Özlem yüklü günler içerisindeyim
gene. Burnumda tütüyorsun gene. Acısı bitmeyecek biliyorum ama vallahi
küllenmiyor da. Beş koca sene...
Ne sefalı günlerim varmış
varlığında,
Yokluğunda defalarca yüzüme
vuruyor bu duygu.
Serviste işten dönerken , cama
koyuyorum başımı, hep gözümün önünde, tüm yaşadıklarımız, bir tane bile kötü
hatıra yok inan ;
Karşılıklı dairelerde oturduğumuz
günlerde, her sabah cümbür cemaat yüzsüz
yüzsüz kahvaltıya beş yıldızlı otel edası ile gelişimiz , akşamları yemeğe
kalışımız, utanmadan menü seçişimiz, hava soğuk sizde kalalım, hava sıcak sizde
kalalım, hafta sonu birlikte takılalım, sofralar kurulurken kaldırılırken
yaylanalım, oturalım, ey onbeşli şarkılar söyleyen senin mesajını anlamazlıktan
gelelim, vb.
Derken ve düşünürken kendime öyle kızıyorum ki, gençliğime mi
yanayım, cahilliğime, hoş görüşüne sığınışına mı bilemiyorum.

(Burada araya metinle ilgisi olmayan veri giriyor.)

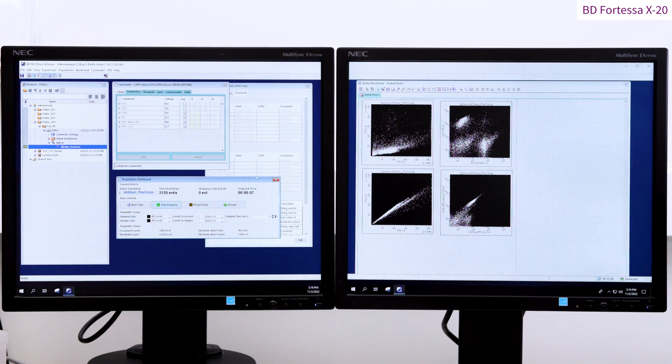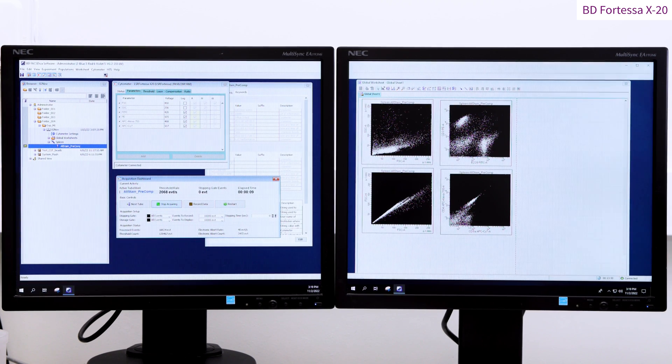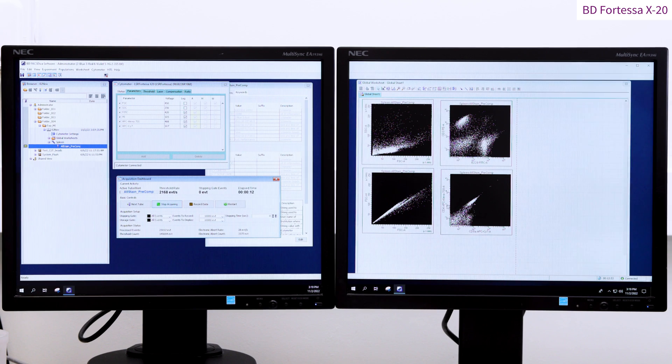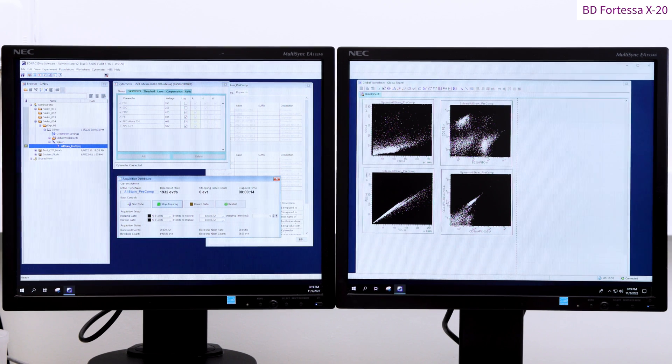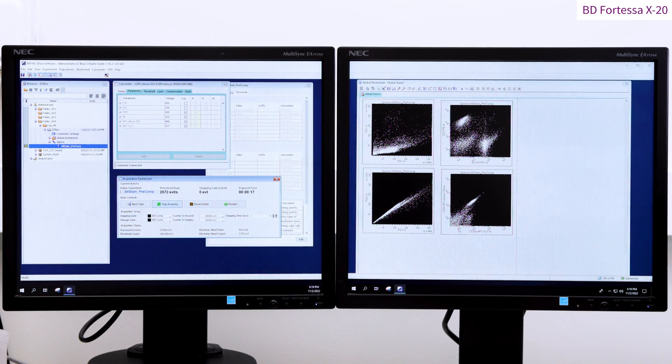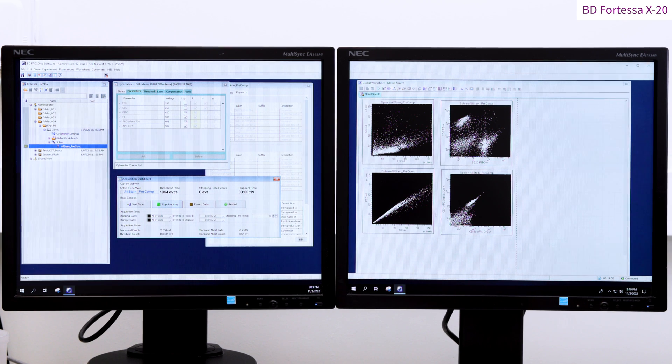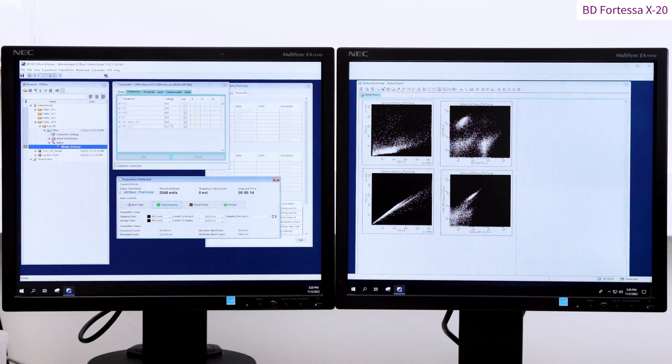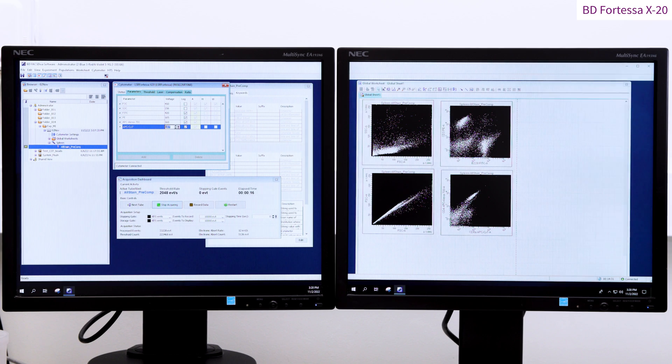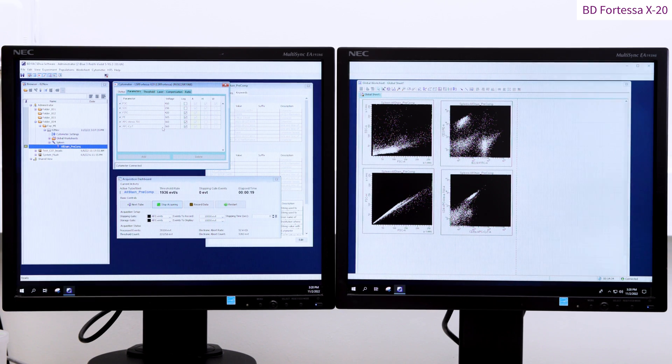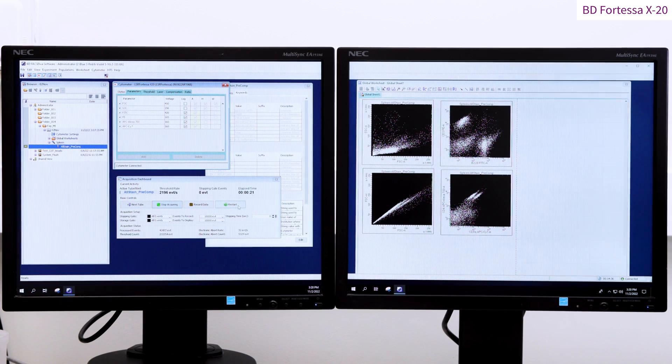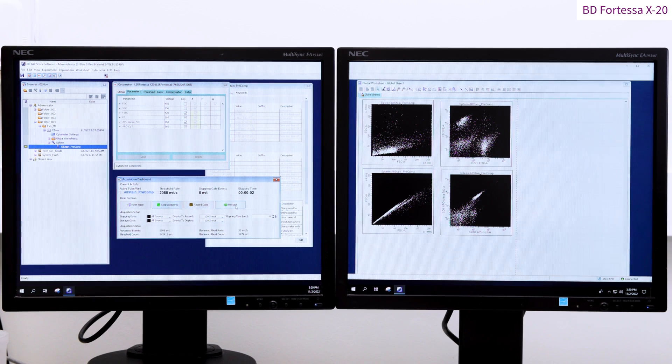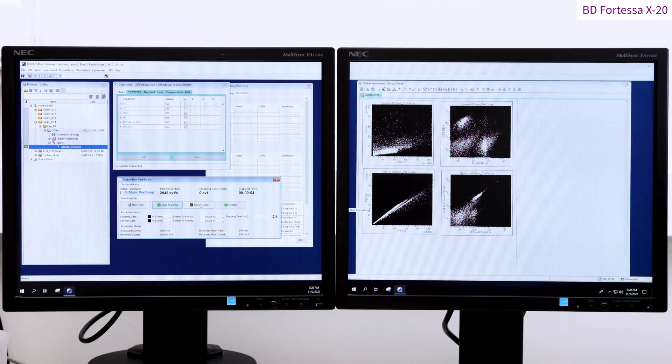The signal intensities for our phenotypic markers are within the detection scales. However, some of the negative events are crushed against the dot plot axis. So to enhance the detection of CD4 and CD8 phenotypic markers, we are now going to increase the voltage related to those parameters. Once the voltages have been set at relevant values, we can now record the data by pressing the record button located in the acquisition dashboard.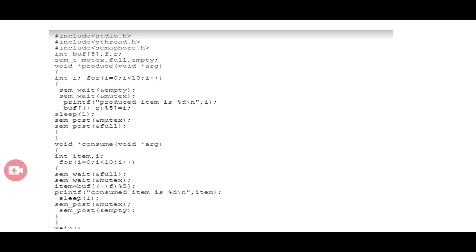Once the producer has placed the item in the buffer, the value of full is increased by 1. Initially the full value is 0 because the buffer starts empty. As each item is produced and placed in the buffer, the full value increments by 1.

Hamileyken ayrı uğraştın, doğurdum
ayrı, oğluma kendi çocuğun gibi bakışın, Baybars yaralandığında benim değil
senin kapını çalışı, cebinde belki paran yokken sende bulunsun kızım deyip son
kuruşuna kadar verişin, nazdan niyazdan tembellikten yapmadığım yazlık
kışlıkları kaldırışın (ağrılarına rağmen) , kızmadan söylenmeden, desteklerin, anlayışın
, kemoterapi alırken bile evime geldiğimde yaptığın yemekler, hangi birini
söyleyeceğim, anlatacağım bilemiyorum.
Nazlandırdın nazlandırdım, şimdi
sudan çıkmış balığa döndüm.
Keşke burada olsan, hiç bir iş
yapmasan, menfaatim için değil sadece senin için,
Otursak sohbet etsek, yaksan bir
sigara, pembe elbisen ile, kucağında kediler, neler kaynatırız kimbilir.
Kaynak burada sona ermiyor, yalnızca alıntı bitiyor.